Dataset excerpts
>>>

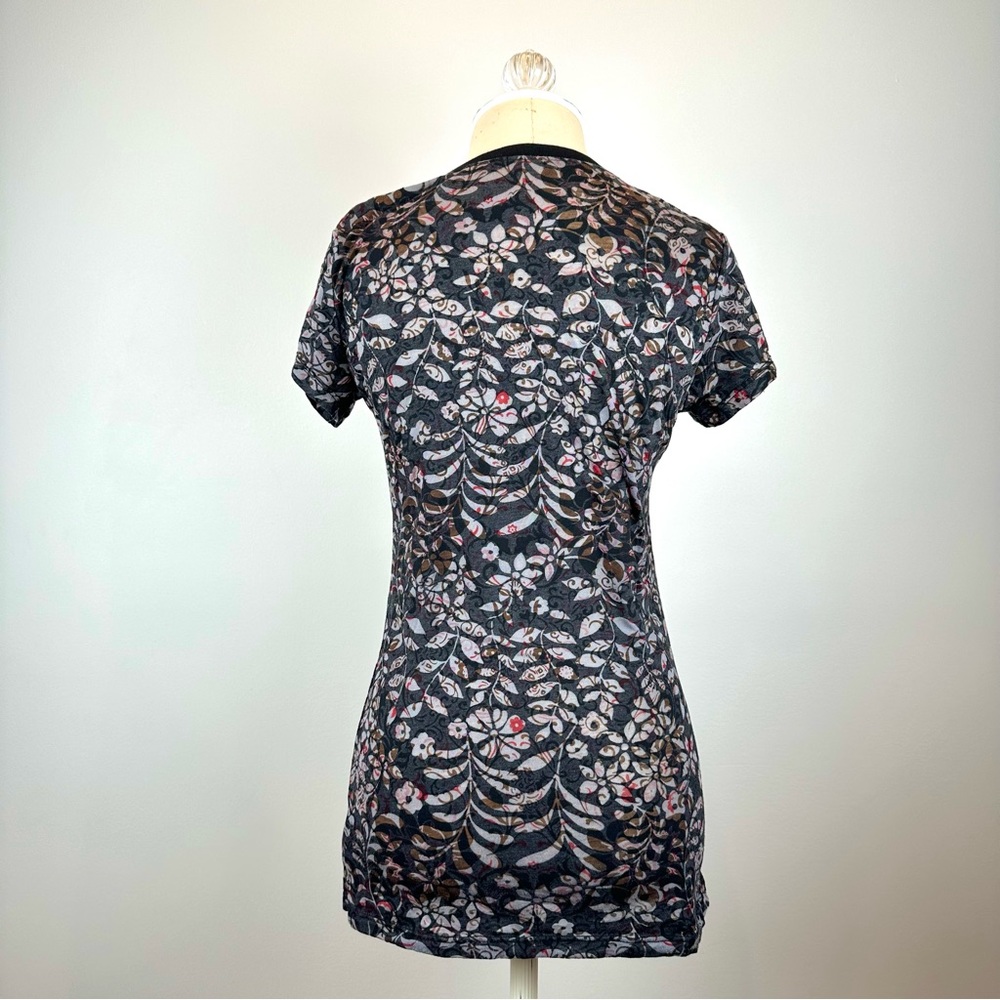 Erge Designs Black Floral Print Short Sleeved Tee - Picture 2 of 5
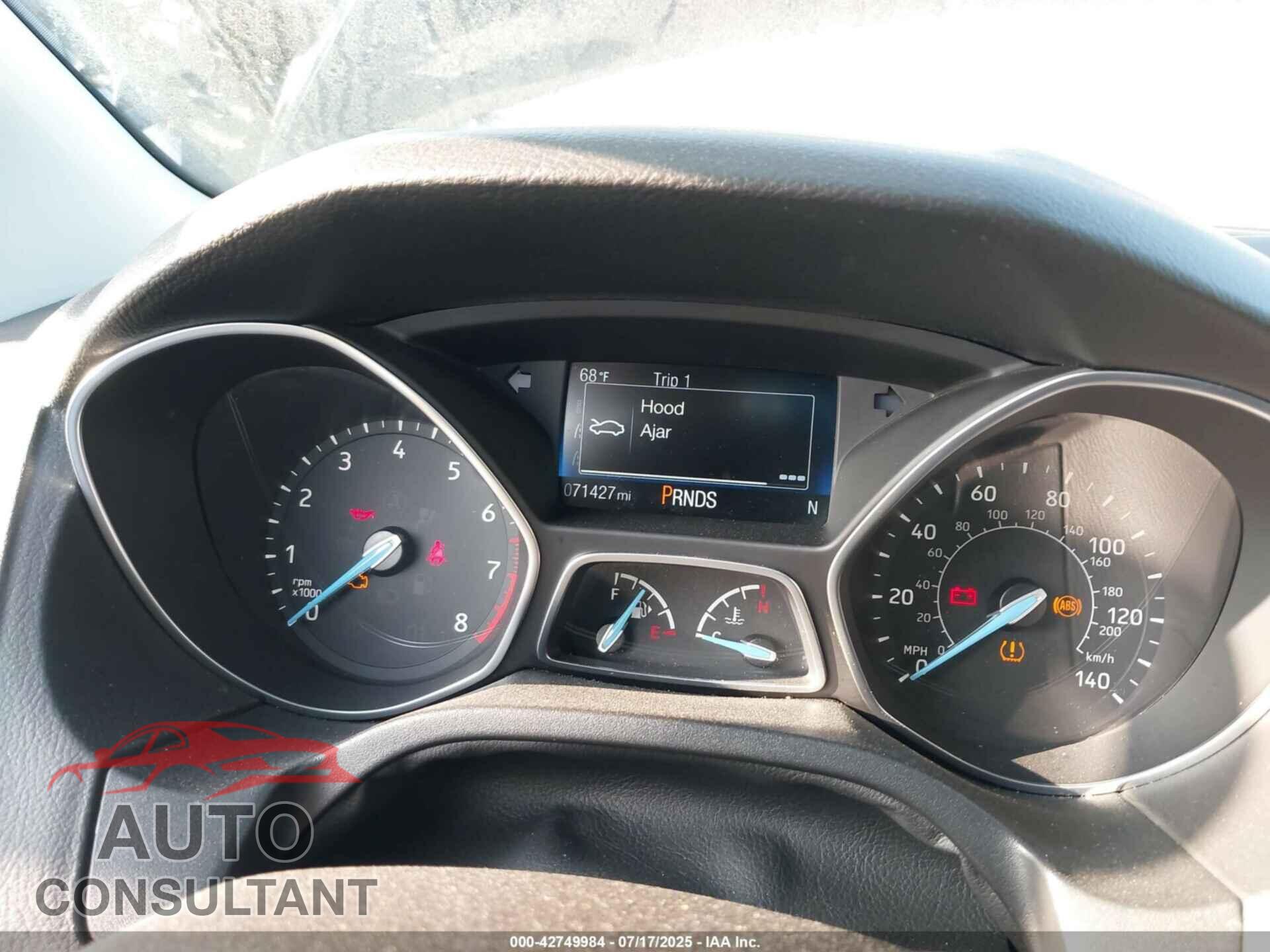 FORD FOCUS 2017 - 1FADP3M2XHL258164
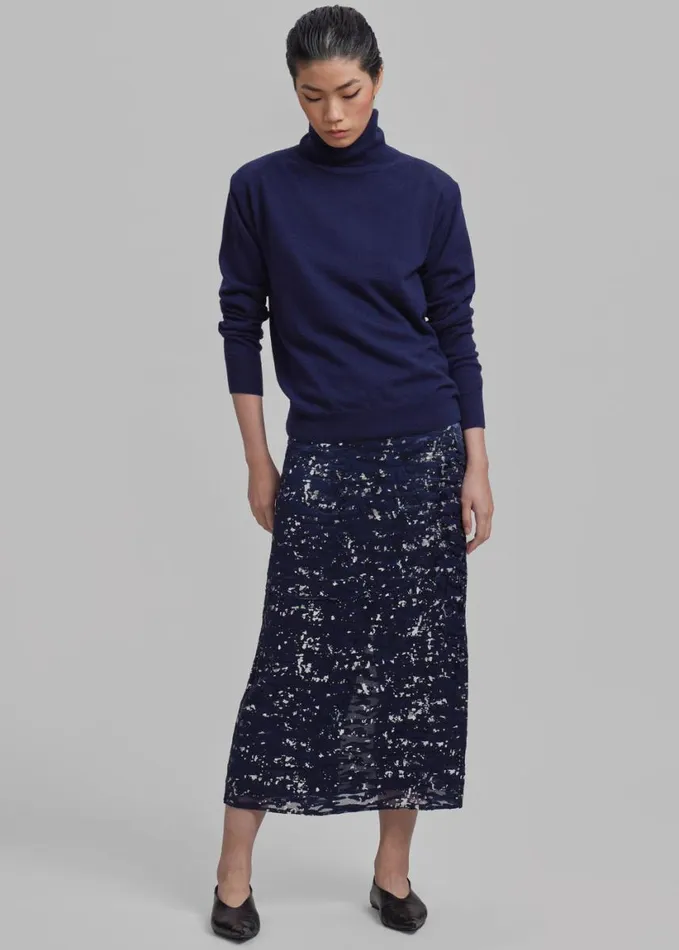 Clothing Women The Frankie Shop Ines Thin Padded Turtleneck 8211 Navy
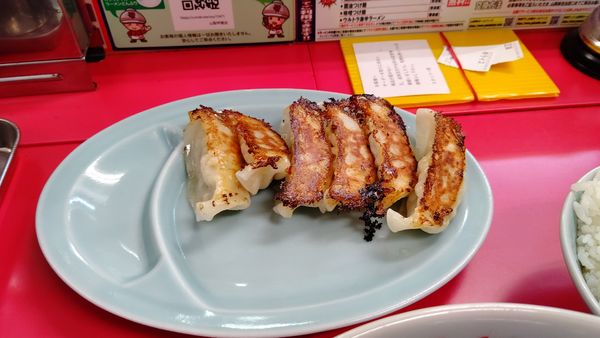 「お友達クーポンの餃子」@山岡家 山梨甲斐店の写真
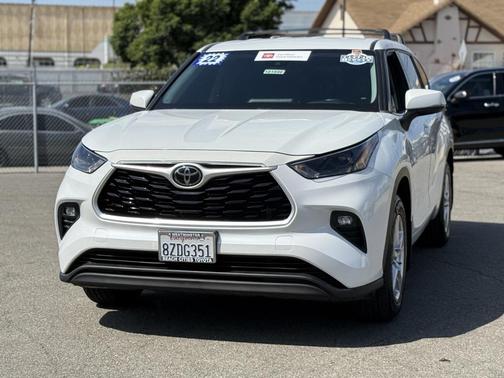 2022 Toyota Highlander LE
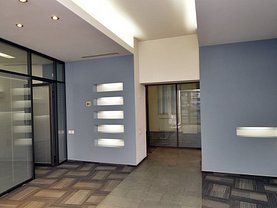 Vânzare spaţiu comercial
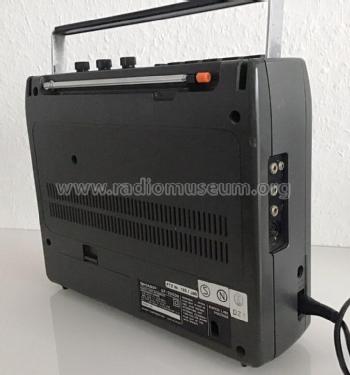 2000 Radio Tape Recorder GF-2000H; Sharp; Osaka (ID = 2833465) Radio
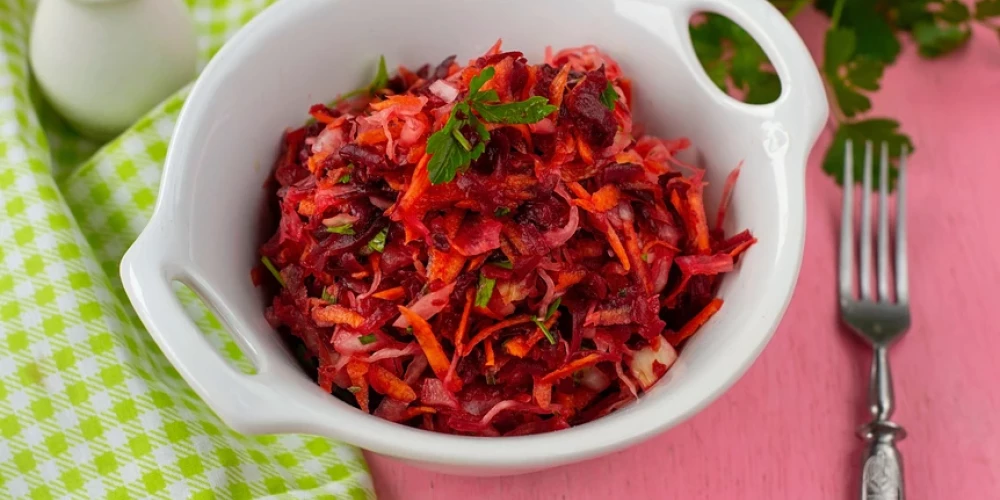 Skābu kāpostu salāti ar bietēm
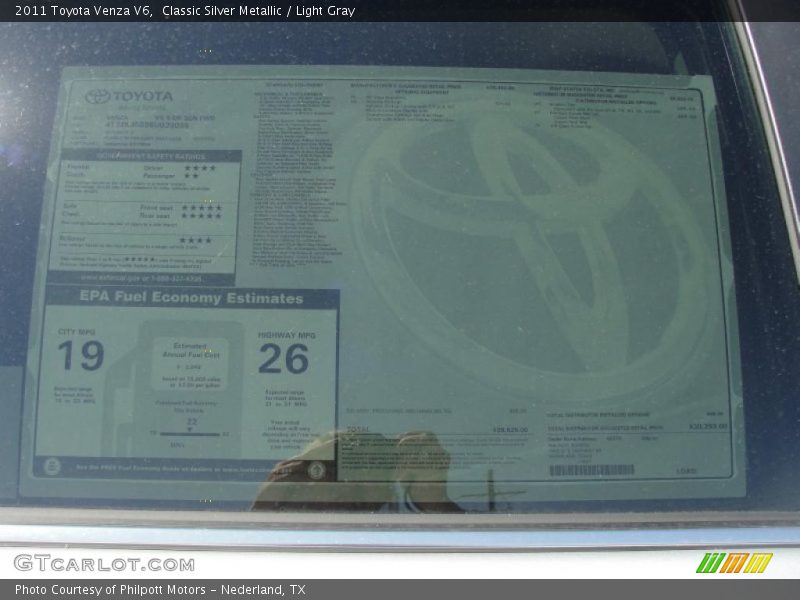 Classic Silver Metallic / Light Gray 2011 Toyota Venza V6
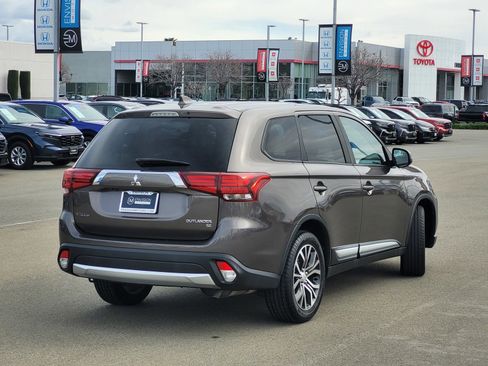 Used 2018 Mitsubishi Outlander SE image 5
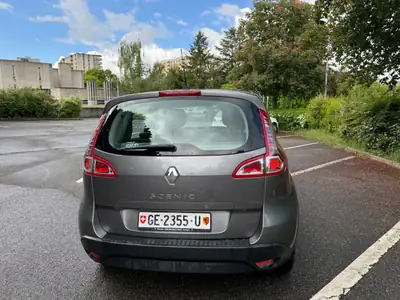 Renault Scénic 2.0 16V Privilège — Monospace spacieux, boîte automatique CVT, 177'000 km — détail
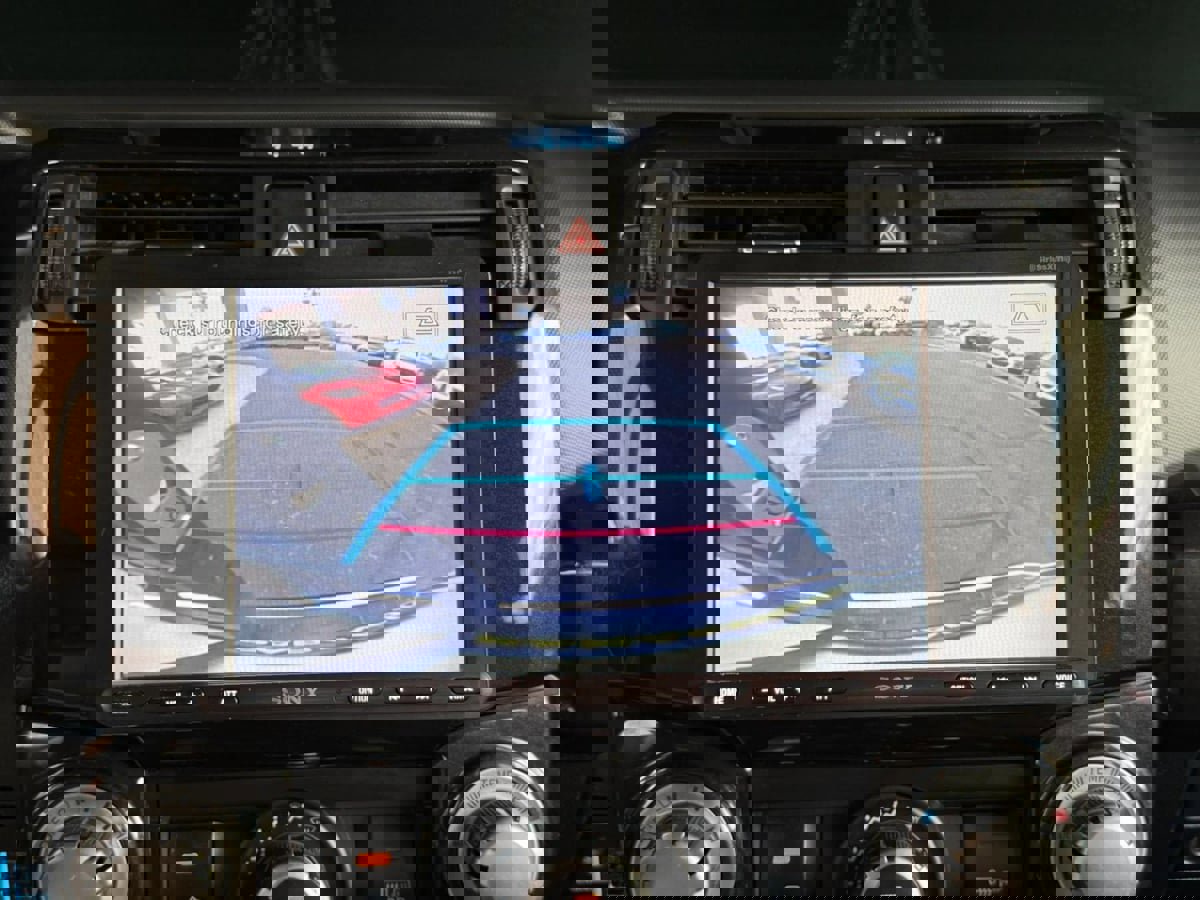 Used 2018 Toyota 4Runner TRD Off-Road Premium AWD/4WD image 61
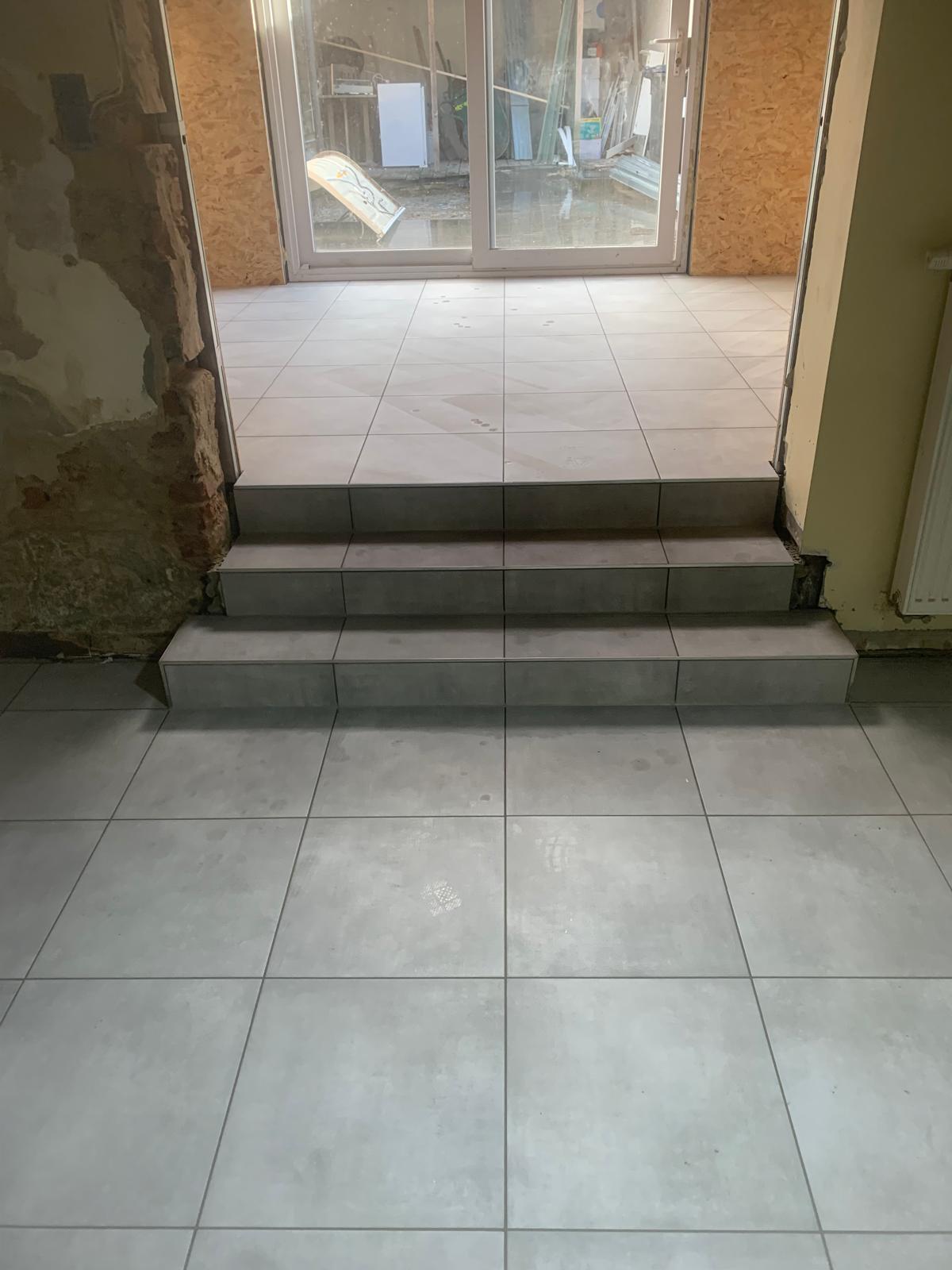 Strijpen - Vloer doorgetrokken van keuken naar woonkamer inclusief trap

<<<

Beginning with the line that contains "2000 Radio Tape", output every line down to the last line of the entries above exactly as written, apart from the pictures.

#### Exercise result:
 2000 Radio Tape Recorder GF-2000H; Sharp; Osaka (ID = 2833465) Radio
 Skābu kāpostu salāti ar bietēm
 Classic Silver Metallic / Light Gray 2011 Toyota Venza V6
 Used 2018 Mitsubishi Outlander SE image 5
 Renault Scénic 2.0 16V Privilège — Monospace spacieux, boîte automatique CVT, 177'000 km — détail
 Used 2018 Toyota 4Runner TRD Off-Road Premium AWD/4WD image 61
 Strijpen - Vloer doorgetrokken van keuken naar woonkamer inclusief trap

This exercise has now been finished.